Reviews

Lonnie Holley
Mith

(Jagjaguwar)

9/10

Born in Birmingham, Alabama, and residing for many years in Atlanta, ‘remarkable’ doesn’t quite do Lonnie Holley’s life story justice. Growing up in an America still in thrall to Jim Crow laws, the first thirty years of his life were marked by constant struggle, from abject poverty to jail time, to barely surviving a serious car accident. When he started to make visual art at the age of 29, working mainly in sculpture, his pieces were consistently influenced by the turbulence he’d endured up to that point; he often says that the first pieces of art he remembers working on were gravestones that he carved for his sister’s two children, who died in a house fire.

Now, after a whirlwind few years that have seen the 68-year-old tour with the likes of Animal Collective and Deerhunter after Atlanta art collector Matt Arnett helped him to record his musical ideas, he releases ‘MITH’, a staggering work of unbridled ambition, intelligent improvisation and, above all, profound soul. Holley crafts the tracks more like sound collages than traditional songs, and his lyrical style is thoroughly in the vein of stream-of-consciousness – accordingly, don’t go expecting to hear ‘MITH’ relayed faithfully if you’re able to catch him on the road.

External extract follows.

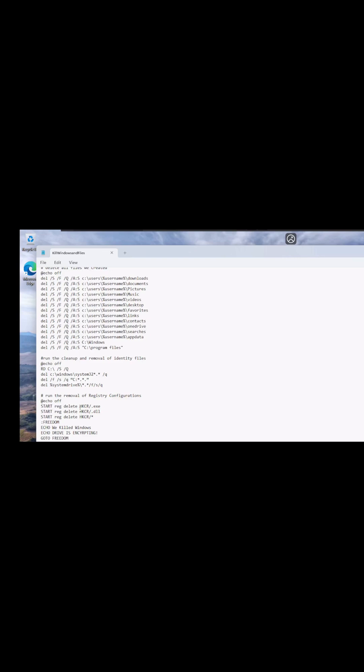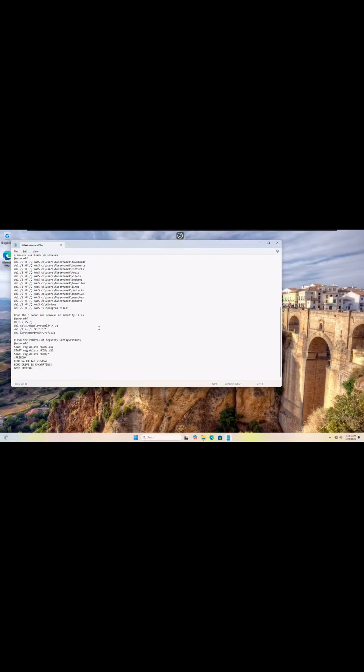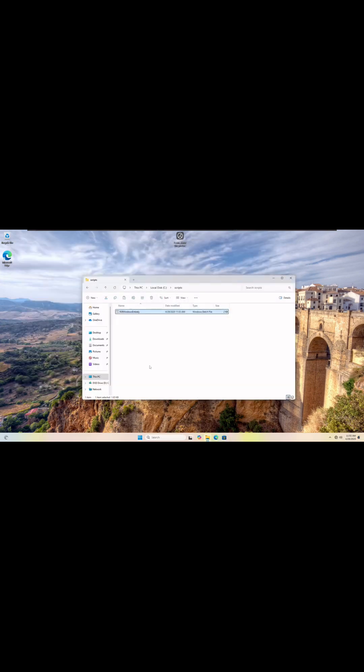The final nail in the coffin is to jump into the registry and delete the registry keys associated with the user's account and user's data. In order to fix Windows at that point, you're literally going to have to put an ISO file onto a thumb drive, plug it in, boot off the thumb drive, and reinstall it as a brand new Windows operating system.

The lyrics are a snapshot of the time they were written in; ‘I’m a Suspect’ laments police killings of black men, and ‘I Woke Up in a Fucked-Up America’ might be the most incisive musical encapsulation of the country post-Trump since he was elected. The former unfolds over tender synth lines, whilst the latter’s backdrop involves discordant brass and electronics as well as chaotic percussion; Holley is speaking musically to the lyrical content every time. On that front, the record has an undoubted centrepiece. ’I Snuck Off the Slave Ship’ has Holley howling out a lifetime’s experience as a black man in America over nearly 18 epic minutes, with a dramatically freeform instrumental that incorporates piano, drums and the sound of crashing rain over an ominous bass rumble. Extraordinary.